Дошла очередь и до Касума. Касум любил застольные тосты и славился среди журналистов как мастер тоста короткого, но выразительного, что называется, «тоста с изюминкой». Он и тут не растерялся и опорожнил бокал за каждый камень этой сакли, за каждый волос хозяина, за баракат — щедрое угощение, за честь сидеть за одним столом с такими людьми, за все и за всех; короче, он произнес «дерхаб!», самое богатое слово в словаре горцев. И его с удовольствием поддержали все присутствующие. Особенно понравился тост Кара-Хартуму, который всегда удивлялся сообразительности горожан, их умению не лазить за словом в карман. Однажды случайные попутчики спросили его: много ли в Шубуруме ученых людей? Кара-Хартум подумал и ответил: «Не знаю, много ли, мало ли, но четырнадцать человек носят соломенные шляпы».
— Любо слушать этих горожан! — воскликнул Кара-Хартум. — И говорят-то они так, будто другая мать их родила. Откуда вы берете такие слова?
— Из жизни, — улыбнулся польщенный Касум.
— Почему же мы не можем взять? Ведь у нас тоже жизнь, черт возьми, а не мамалыга!

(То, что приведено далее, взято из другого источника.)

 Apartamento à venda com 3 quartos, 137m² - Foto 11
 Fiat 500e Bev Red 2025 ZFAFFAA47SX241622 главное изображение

— Не жизнь, а кошмар, — перебил Чамсулла. — Просто не разберешь, что здесь творится.
— Нечем было людей позабавить. Теперь есть… Появился этот снежный шайтан! — сказал ворчливо Мухтар.
— Ну, давайте не будем отвлекаться! — вмешался Хамзат. — Тост произнесен, выпьем.
— Да, тост был достоин нашего дорогого Раджаба. Дерхаб! — поднял бокал захмелевший Кара-Хартум. — Будь здоров, ты чудесный человек, Раджаб! Эх, жаль, что моя мать не была женой твоего отца: были б мы с тобой родными братьями…
И каждый перед тем, как выпить свой бокал, хвалил великие достоинства Раджаба Одноглазого. В состоянии трезвом они, наверное, удивились бы, засмеялись, отказались бы от своих слов, но вино делает людей добрыми и щедрыми, во хмелю человек всемогущ, он может наобещать другу горы золота, и друг в таком состоянии тоже верит и простодушно отказывается принять сокровища. Слушая гостей, Раджаб смущался и даже краснел.
12
Жамиат — община, сельский мир.
13
Кибла — направление к Мекке, священному городу мусульман.